### Source data
- Opening Delimiter -
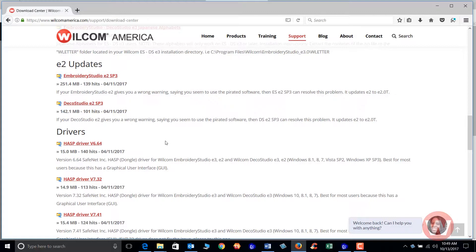What you'll have to do then is go to your web browser, type in www.wilcomamerica.com, select the support drop menu, and scroll down to downloads. Scroll down to your drivers and this will be the latest driver for the E4 program.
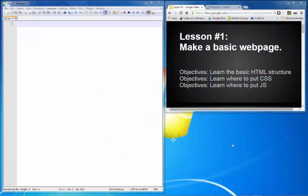This is the first video of your web design class. It's going to show you how to make a basic web page. There are three main objectives: to show you how to lay out the HTML structure, where to put the CSS, and where to put the JavaScript.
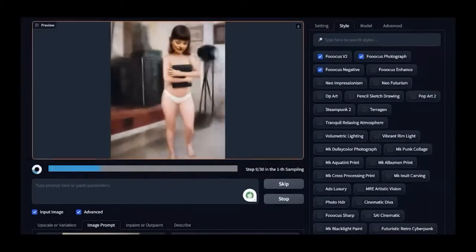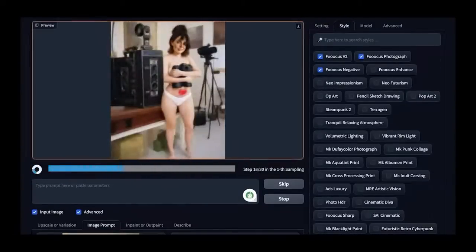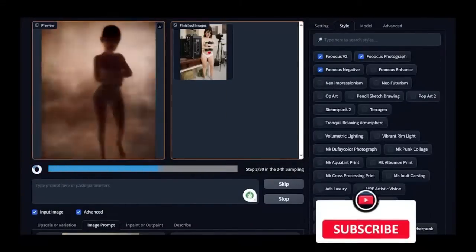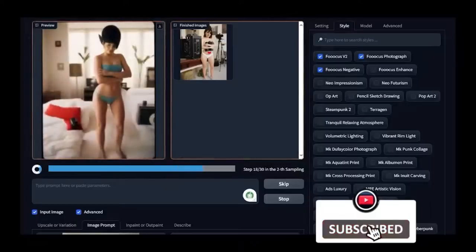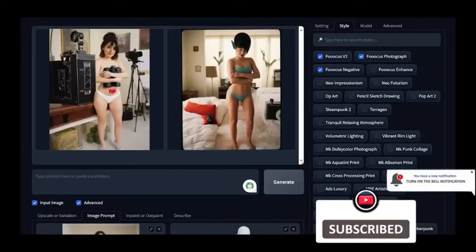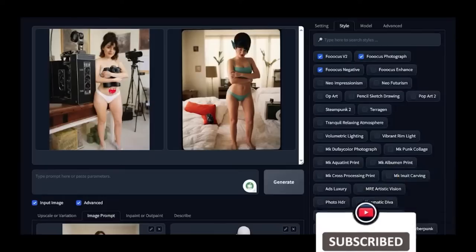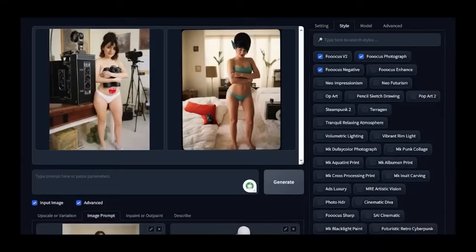Click Generate, and observe the results. As you can see, the pose has been modified, but there are still several imperfections.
- Closing Delimiter -
### What to produce
Set the listing down in full and exactly. Pictures within it should not appear in the copy.

### Solved exercise
What you'll have to do then is go to your web browser, type in www.wilcomamerica.com, select the support drop menu, and scroll down to downloads. Scroll down to your drivers and this will be the latest driver for the E4 program.
This is the first video of your web design class. It's going to show you how to make a basic web page. There are three main objectives: to show you how to lay out the HTML structure, where to put the CSS, and where to put the JavaScript.
Click Generate, and observe the results. As you can see, the pose has been modified, but there are still several imperfections.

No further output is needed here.